Now, it appears that there is a huge change -- neutron star to a black hole -- from a small input, the 1 gram, that is, in math terms, there is a jump discontinuity.
There was something about the physics of the neutrons that kept the neutron star from shrinking to a singularity. Well, maybe that something also keeps that mass plus the 1 gram from shrinking to a singularity. That is, if there is no jump discontinuity, the inside of that black hole is essentially just like that neutron star.
> watch while the neutron star converts to a black hole where, as usually proposed, the mass that was the neutron star suddenly shrinks to the "singularity" at the center of the black hole.
This "conversion" doesn't imply matter transitioning from one state to another. The main thing happening during transition to a black hole is that the light can't escape anymore - you see the star in one moment, and can't see it in another moment. Not necessarily because of some matter transition, but because it stops radiating light.
Singularity is a mathematical artifact, we don't know what's happening in the blackhole with matter and don't really care since it has no effect on the outside world.
We don’t know that an object with 1 gram less than needed to become a black hole will be a neutron star. There may be other denser states or matter in between, like quark stars or strange stars that are still not dense enough to become black holes.
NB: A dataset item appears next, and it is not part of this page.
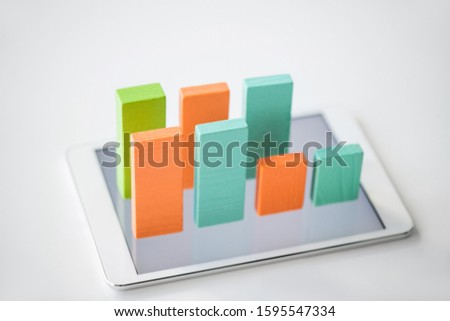 Two rows of flat wooden bricks making colorful chart on screen of digital tablet over white background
Under GR it doesn’t matter since as the mass increases beyond a critical point an event horizon will form and all that matter will be compressed into a singularity regardless.
I am trying to imagine what happens to a single contiguous mass that has both a part that is travelling at relativistic speeds, and a part that is not?
Maybe nothing much? From each parts point of view it is still simply in contact with it's neighbor and neither is moving relative to the other?
Three properties completely describe a black hole: mass, spin, and charge.
It does not appear that charge will be useful in the question of an extremal black hole.
In considering spin, as velocity of matter approaches c (the speed of light), more energy is required to achieve less gain as c is approached.
Can a black hole spin at the speed of light? Can it spin faster?